What is needed:
Print the entries exactly as they appear, and omit any images.

Start of Exercise input

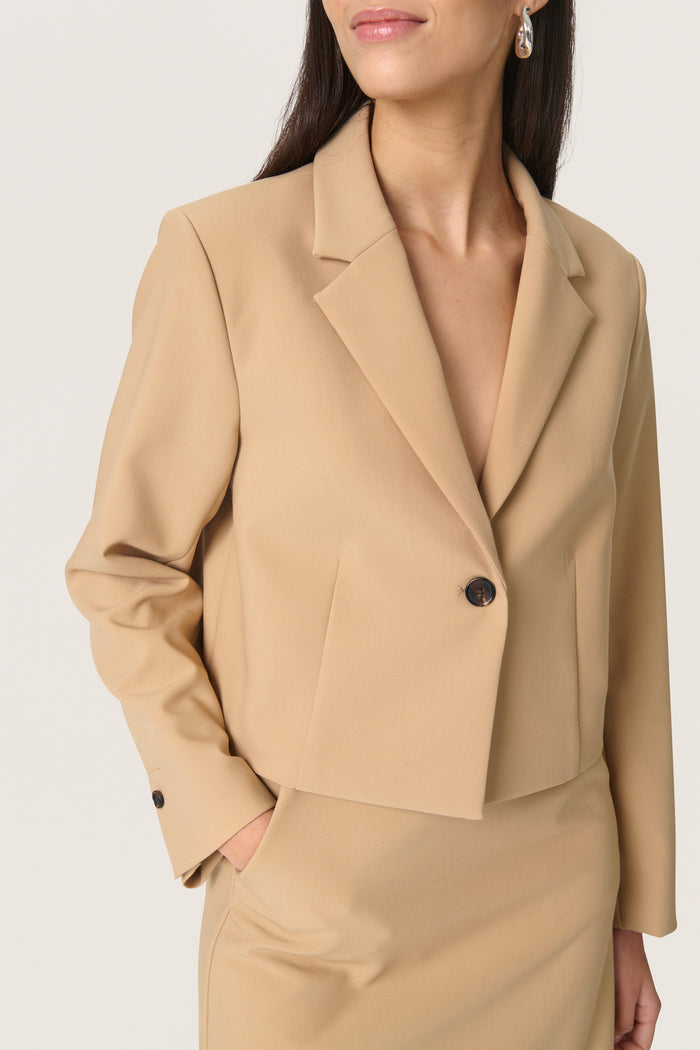 Soaked in Luxury SlCorinne Ultimate Travertine Beige Cropped Blazer, 30407631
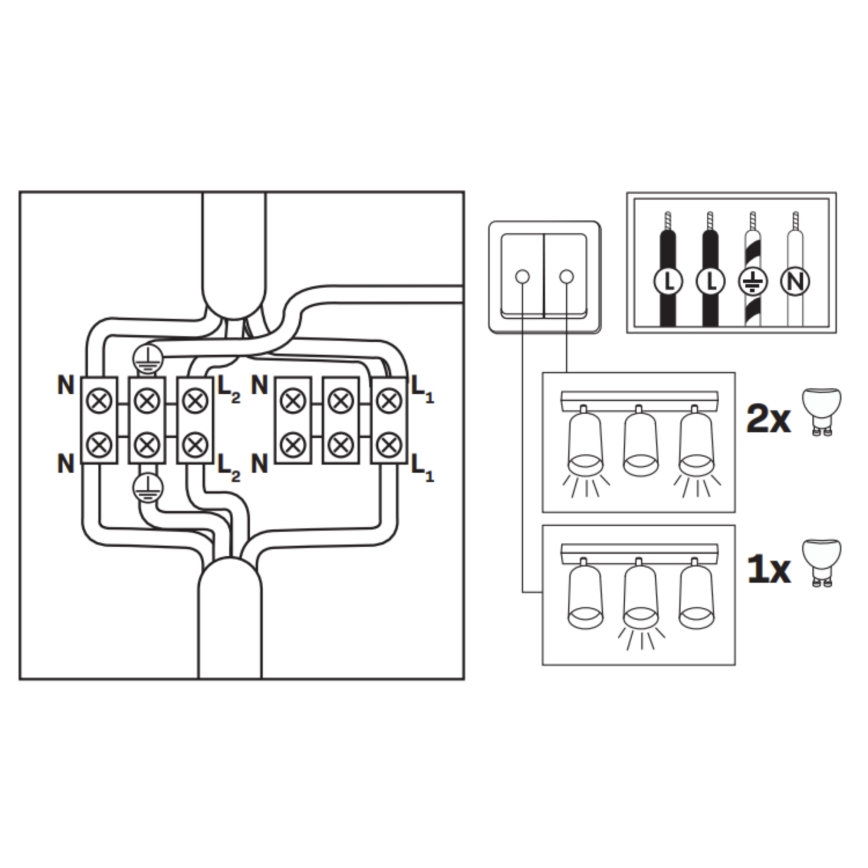 LED RGBW Reguleeritav vannitoavalgustus TURYN 3xGU10/6,5W/230V 2700-6500K Wi-Fi IP44 must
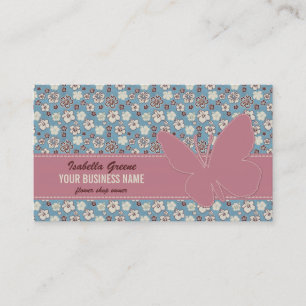 Pink butterfly on Vintage Floral Blue Pattern Business Card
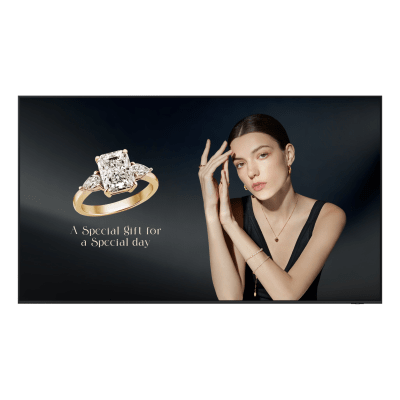 [QH115FE] Pantalla LED 115" 4K UHD / Panel VA / Brillo 1,000 nit / Contraste Dinámico Mega / Ángulo de Visión 178°/178° / Tizen 8.0 / Bezel-less / Soporte 24/7 / HDMI 2.1 / DisplayPort 1.4 / WiFi-Bluetooth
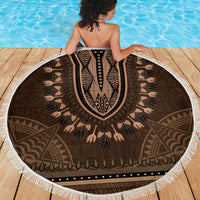 Brown African Dashiki With Tonga Ngatu Pattern Beach Blanket LT14 - Polynesian Pride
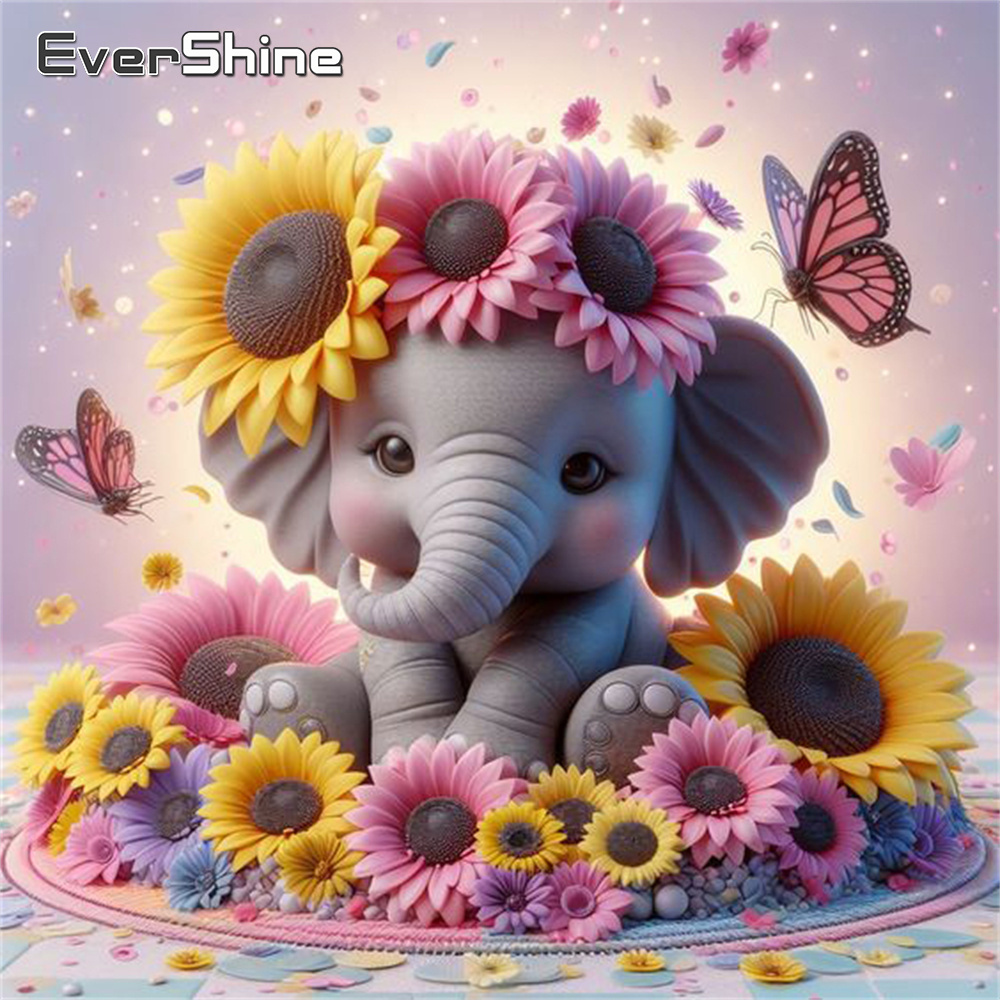 Photo Mosaic Print - Evershine Elefant Diamant Malerei Tier Kreuzstich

End of Exercise input

Result of the exercise:
 Soaked in Luxury SlCorinne Ultimate Travertine Beige Cropped Blazer, 30407631
 LED RGBW Reguleeritav vannitoavalgustus TURYN 3xGU10/6,5W/230V 2700-6500K Wi-Fi IP44 must
 Pink butterfly on Vintage Floral Blue Pattern Business Card
 [QH115FE] Pantalla LED 115" 4K UHD / Panel VA / Brillo 1,000 nit / Contraste Dinámico Mega / Ángulo de Visión 178°/178° / Tizen 8.0 / Bezel-less / Soporte 24/7 / HDMI 2.1 / DisplayPort 1.4 / WiFi-Bluetooth
 Brown African Dashiki With Tonga Ngatu Pattern Beach Blanket LT14 - Polynesian Pride
 Photo Mosaic Print - Evershine Elefant Diamant Malerei Tier Kreuzstich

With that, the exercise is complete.